Aim of the task —
Repeat the listing below exactly. Pictures do not belong in the copy.

━━━ Exercise data ━━━

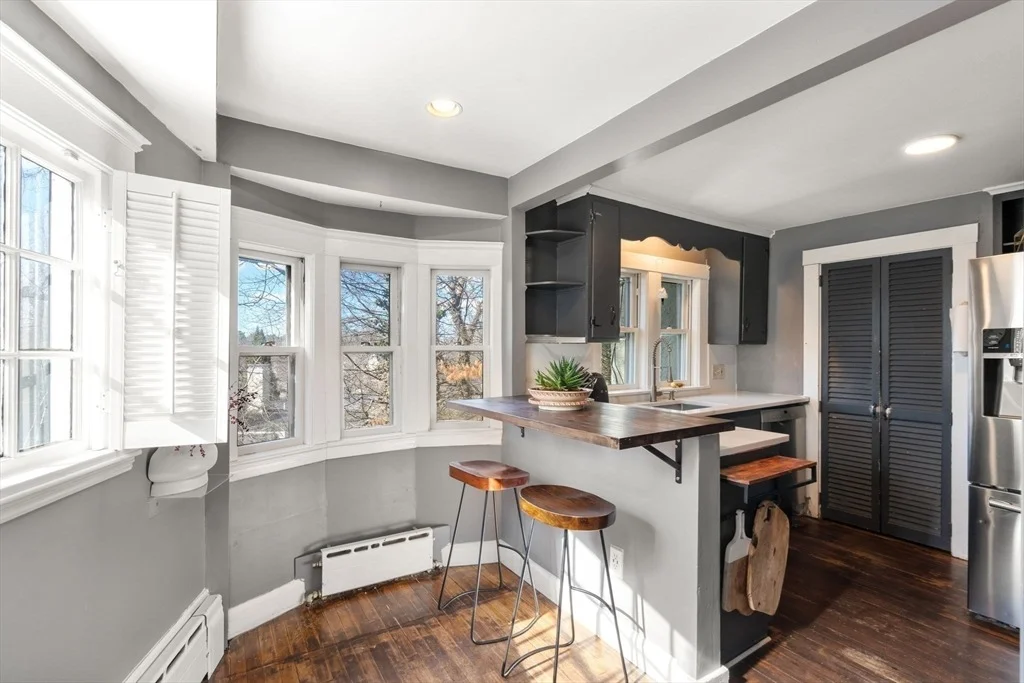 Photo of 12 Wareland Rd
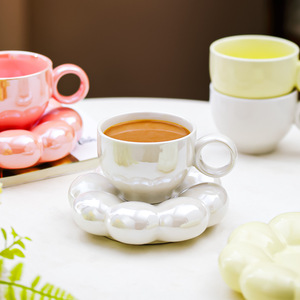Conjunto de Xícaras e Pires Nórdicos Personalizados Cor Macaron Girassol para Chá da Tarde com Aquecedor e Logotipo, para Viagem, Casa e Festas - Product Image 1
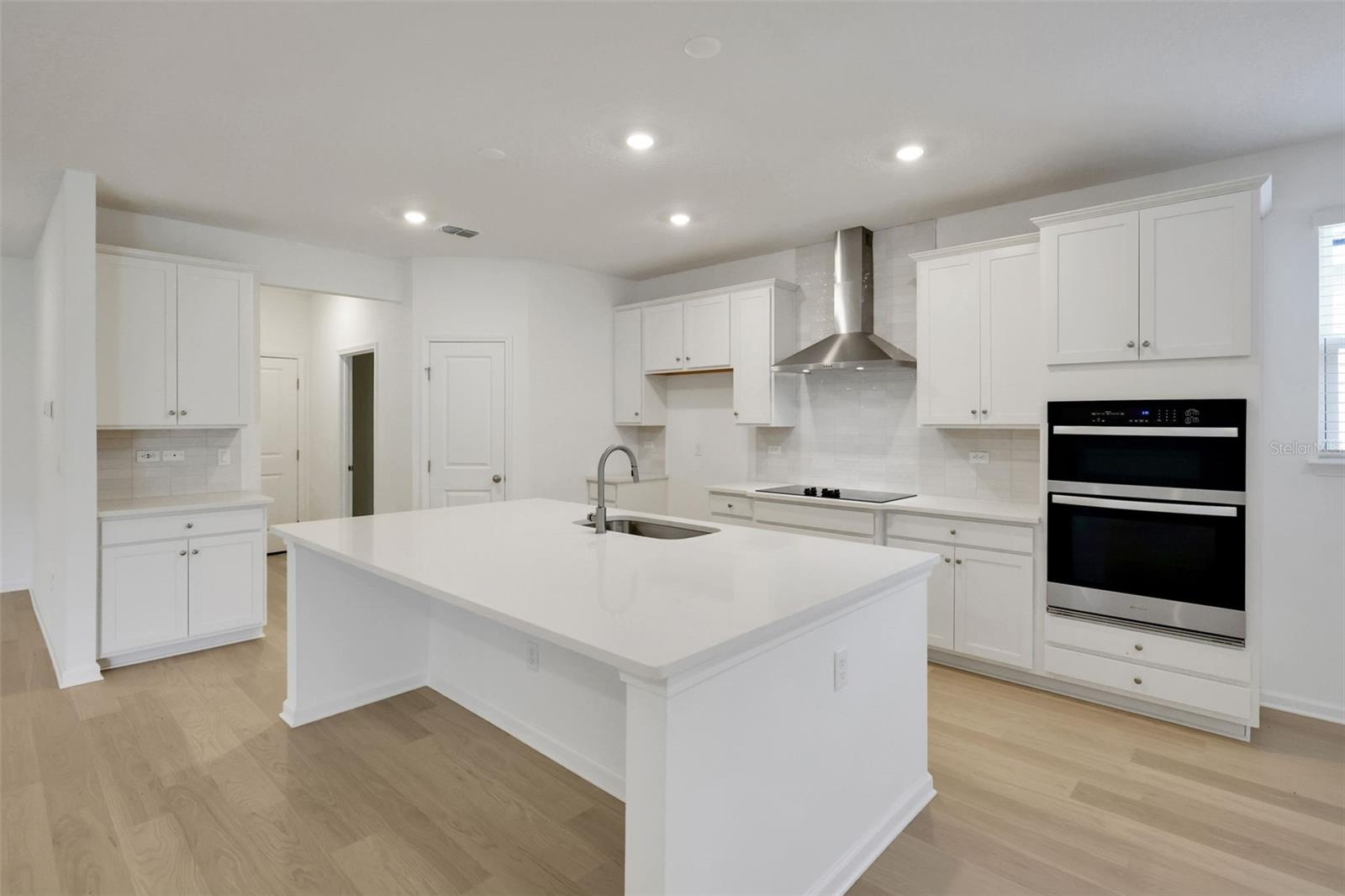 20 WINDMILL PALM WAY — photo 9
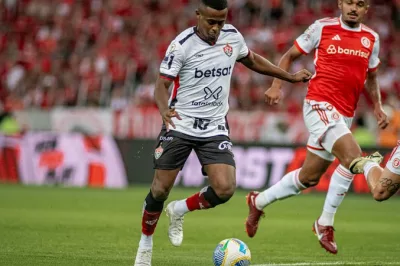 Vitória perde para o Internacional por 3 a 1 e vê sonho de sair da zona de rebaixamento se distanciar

━━━

Completed task —
 Photo of 12 Wareland Rd
Conjunto de Xícaras e Pires Nórdicos Personalizados Cor Macaron Girassol para Chá da Tarde com Aquecedor e Logotipo, para Viagem, Casa e Festas - Product Image 1
 20 WINDMILL PALM WAY — photo 9
 Vitória perde para o Internacional por 3 a 1 e vê sonho de sair da zona de rebaixamento se distanciar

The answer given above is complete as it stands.